I have a new paper up! It's about "one-endedness" and "semistability at infinity" of certain outer automorphism groups of free products; more about this almost certainly soon. What I want to talk about today is an algorithmic process I wanted to include in the paper but was unable to provide a proof of its correctness. The statement that I needed was that a certain collection of subforests of a graph (with special vertices—this is a graph of groups) forms what's called a matroid. This is true, but I wanted a concrete method for proving it. If you're out there reading and now how to finish the proof, I'd love to see it.

## 1. Matroids

A nonempty (typically finite) set $$S$$ is called a matroid when it is equipped with the following extra structure: a certain (nonempty) collection of finite subsets of $$S$$ are called bases. Bases satisfy the exchange property, which says that if $$A$$ and $$B$$ are bases, then for any element $$a$$ in $$A$$ but not in $$B$$, there is an element $$b$$ of $$B$$ not in $$A$$ such that swapping $$a$$ for $$b$$ yields a new basis $$A - \{a\} \cup \{b\}$$.

The first basic example to keep in mind is the set of bases for a vector space of finite positive dimension: indeed, something that appears slightly stronger on the surface is true: a subset of the vector space has a notion of (linear) independence; a basis is just a maximal independent set. If you have an independent set $$A$$ and another $$B$$, and $$B$$ has more elements than $$A$$, then in fact some element of $$B$$ may be added to $$A$$ while still preserving independence. If you know some linear algebra, prove this!

### 1.1. The matroid of spanning trees

The other basic example of a matroid is the collection of spanning trees in a finite, connected graph.
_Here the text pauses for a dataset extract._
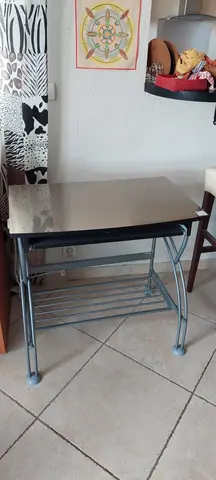 petit bureau pour ordinateur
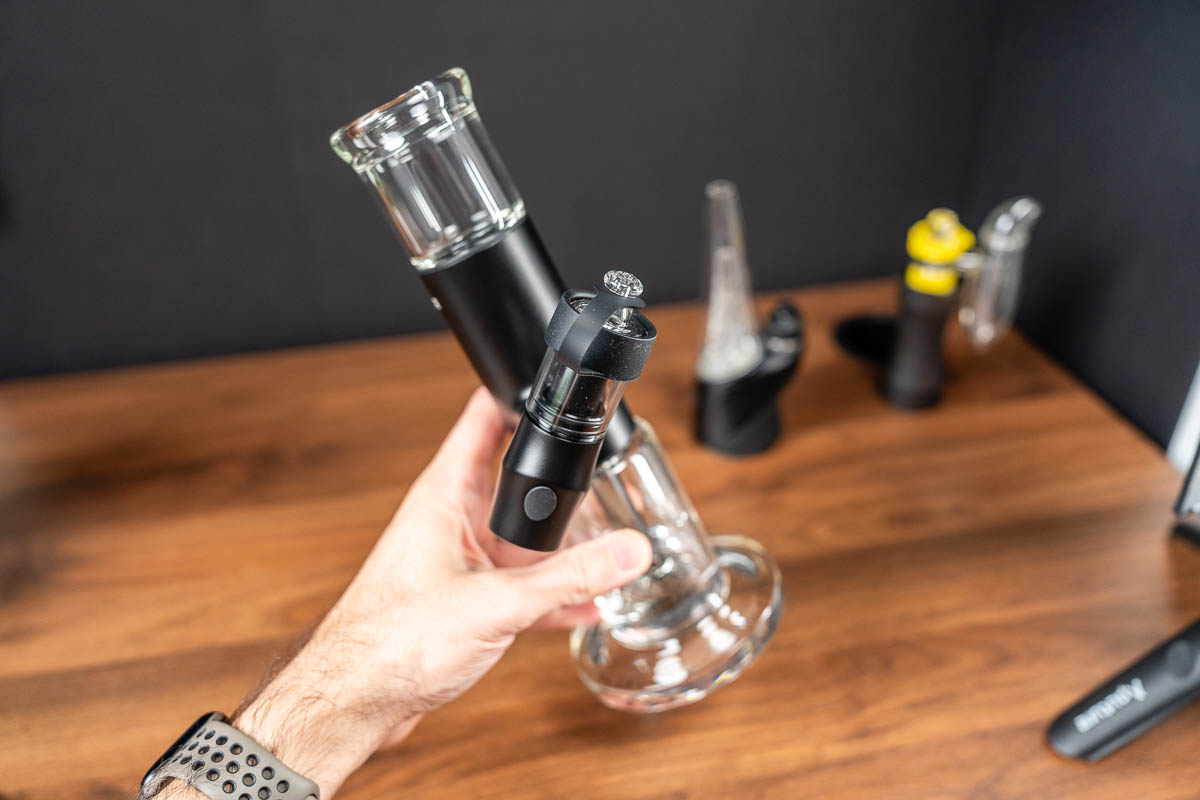 vapeguyy's tweet photo. The Pulsar APX eRig is large, sturdy, and has a high power output. It features exceptionally thick glass components, contributing to an overall sensation of premium build and craftsmanship. The coil is on the smaller side, but it does a great job of not burning the dabs, and the flavor is good great throughout the entire session. Read my full review here: https://t.co/aB5UGGIInx

@PulsarVaporizer #DabRig #WaxVaporizer #VapeGuy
Graphs, let's remember, are things with vertices and edges. A graph is a tree when it has no embedded circles: there is only one way to travel from point $$a$$ to point $$b$$ without backtracking. A maximal or spanning tree in a graph is a subgraph which is a tree and which contains every vertex of the graph. For finite graphs, there are algorithms that produce spanning trees. For infinite graphs, the existence of a spanning tree is equivalent to the axiom of choice.

Anyway, let's prove that the collection of spanning trees forms a matroid. Suppose $$F$$ and $$F'$$ are two spanning trees in the graph $$G$$, and let $$e$$ be an edge of $$F$$ not in $$F'$$. Since $$F$$ was a tree, removing $$e$$ disconnects it into two components, say $$F_1$$ and $$F_2$$. Since $$F'$$ visits every vertex, there is a path in $$F'$$ from one endpoint of $$e$$ to the other. It follows that some edge (in fact an odd number of edges that can be greater than one) connects $$F_1$$ to $$F_2$$. Any such edge will do as $$e'$$. In fact, if $$e$$ belongs to $$F'$$ as well, then this process makes sense too: it just gives back $$e$$.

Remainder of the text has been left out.